Put options expiring in March that give the holder the right to sell Fortescue shares at A$2.10, or 10 percent below on Wednesday’s close, soared 44 percent to 18 Australian cents on Wednesday, taking their gain since Jan. 6 to 80 percent. Bearish February contracts with a strike price of A$2.30 rose 63 percent to 19.5 cents on Wednesday. Investors held 1.39 put options for each call on Jan. 13, the data show.
Perth-based Fortescue has 21 percent of its freely available shares sold short, according to data compiled by Markit as of Jan. 13. That’s the most among the 200 companies on Australia’s benchmark equity index. Short interest comprised some 16 percent of Atlas Iron shares compared with an average of 3.5 percent on the S&P/ASX 200.
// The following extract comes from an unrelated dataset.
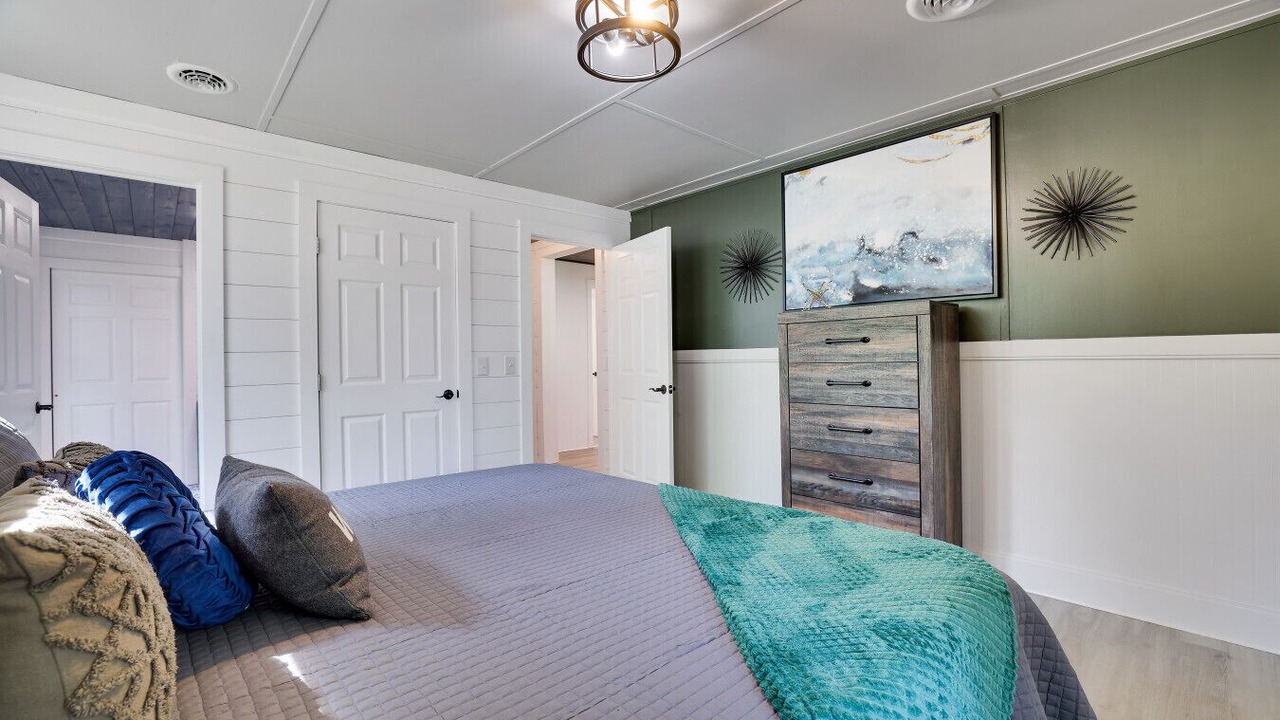 Photo of Bedroom in Saylorsburg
Spokesmen for the commodity companies — Byron Vale at Fortescue, Paul Armstrong at Atlas Iron and James Harris at BC Iron — declined to comment.
The premier of Western Australia, Colin Barnett, told the state parliament in October that some small producers may close with the loss of hundreds, if not thousands, of jobs.
The prospect of more stimulus in China may offer some respite. Asia’s biggest economy is accelerating 300 infrastructure projects valued at 7 trillion yuan ($1.1 trillion) this year as policy makers seek to shore up growth that’s in danger of slipping below 7 percent, people familiar with the matter said this month.
China’s industrial profits fell the most in two years in November, a report showed last month, signaling a deepening economic slowdown and increasing pressure on the People’s Bank of China to follow up November’s surprise interest-rate cut with further monetary easing.
“We may be about to see more easing coming from the PBOC, so that will stand those iron-ore miners in pretty good stead,” said Ben Le Brun, a Sydney-based market analyst at OptionsXpress Australia, a unit of Charles Schwab, which trades futures and options.“The rally we’ve seen in the early part of 2015 has probably been a symptom of short covering.”
The World Bank cut its global growth outlook this week, citing weak expansions in Europe and China. Energy and materials shares have led losses this year on a gauge of Asian equities.
“It’s a bit too early to be picking up mining stocks,” said Hans Goetti, Singapore-based head of investment for Asia at Banque Internationale a Luxembourg, which has about $36 billion in assets. “The global economy isn’t doing very well, with growth in China and Europe slowing.”